I agree that there is some engineering necessary to make this work, without intrinsic incorporating the whole world. Is that what this issue is about? If so, I think that this can best be explored in the context of a particular implementation. I don't see that it needs to be part of the language definition.
The content of intrinsic should be in the language definition.
The spec defines things like Number, String, etc but doesn't say how they come from or how you can extend their code, etc. In particular, the spec leaves open the question as to whether you can inherit from primitive types.
What are some design options:
I like the NS model, but talking to @apblack, realised it is asymmetric - it moves the magic behaviour out of the NS objects, but leaves the magic 'data' there. This certainly suits e.g. tagged VMs where integers or floats are represented by some subset of bitpatterns that are invalid as pointers.
The cleanest model I can think of is to go the 'full William Cook'. The VM provides an (interlinked) set of ADTs - not objects.
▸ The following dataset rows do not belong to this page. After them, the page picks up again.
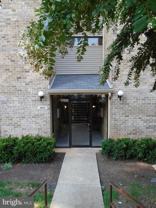 10572 Twin Rivers Rd #A1 - Photo 1 of 1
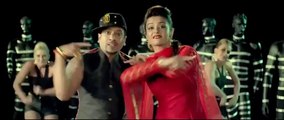 Mitran De Boot - Jazzy B - Dr Zeus - Kaur B - Surveen Chawla - Full Music Video - Video Dailymotion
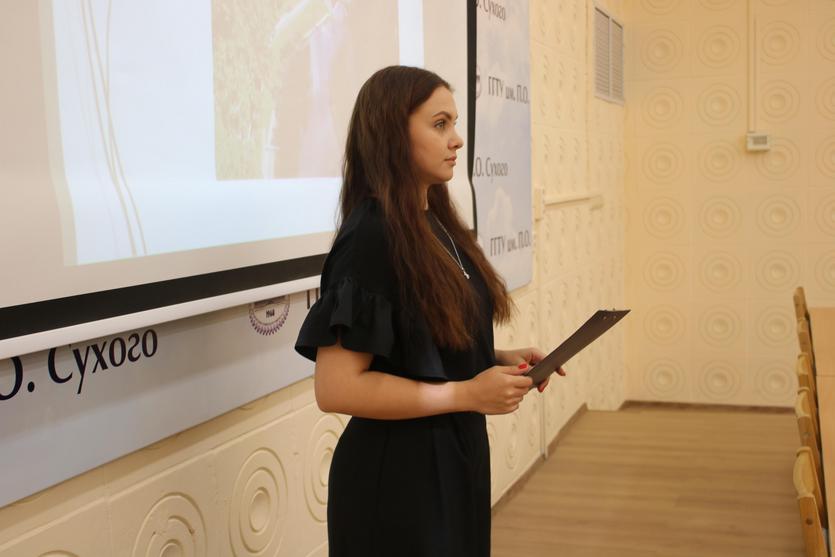 img_7404.jpg img_7404.jpg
Individual instances of these ADTs offer no Grace methods, not even equality. To Grace code, they are opaque 'magic cookies' that can be stored in Grace object fields, passed as arguments etc. Perhaps there are branded types that can distinguish the ADTs to which they belong but nothing more. Behaviour for these ADTs is provided by a vm object (perhaps a set of singleton VM objects one per ADT) that have methods that take and return those magic cookies. Then all the Grace-level behaviour for primitives is written as vanilla Grace code that manipulates the magic cookies. There's no question e.g. about inheriting from magic cookies; you just can't. In this design, the integer class would be 100% Grace and would look like this:
This gives a clear interface to the VM ADTs, a cleaner data model (objects are either all primitive, or all Grace, but nothing in between), and separates out the language specification (interface of Grace Integer or Number classes) and the VM interface of the
vmIntegerADT
module object.You'd probably want to do stuff with branded types, both on GraceInteger and VmIntegers. The
cookie
def could be handled specially in most VMs (perhaps the branded type is enough; perhaps you'd need an annotation too).I fear there is a subtle problem that - because the cookie must be purely exposed to Grace code - it may offer a route to an encapsulation breach if e.g. Grace code can even just do type tests - I guess that problem can be addressed by putting the brands and types into the vmModule too - so you really can only manipulate them if somehow you can get to code in those VM modules. In a typically Grace system, only the module implementing the Grace-level number class would import that module.
In terms of e.g. adding ownership or provenance or taint to Grace numbers or other primitives, this design resolves it nicely: those features could all be done in Grace code and the interface to the underlying primitives wouldn't need to be modified. I fear you'd need brands (or ownership) at the Grace level to make everything secure though (because the core interface for non-receiver method arguments is just
type { cookie -> VmInteger }
which will admit a multitude of sins.Thinking for a minute about implementation though, this model need not necessarily be slower or more memory intensive than one based on primitive parts and inheritance. This is because in
non-boxed
VMs, e.g. running Grace on top of JavaScript, or Java/Truffle/Graal - there's no way to inherit from primitives: you'll have to have a implementation field in the representation of the Grace object that holds the JS or Java VM integer (or string or whatever) anyway. Given branded types, the cookie field could be implemented as precisely a primitive field. Reading or writing that field would have to box and or unbox the primitives to make the Grace opaque cookies, but everything at that level would be functional, and if you can just inline the ADT code into the Grace code, the overhead should go away.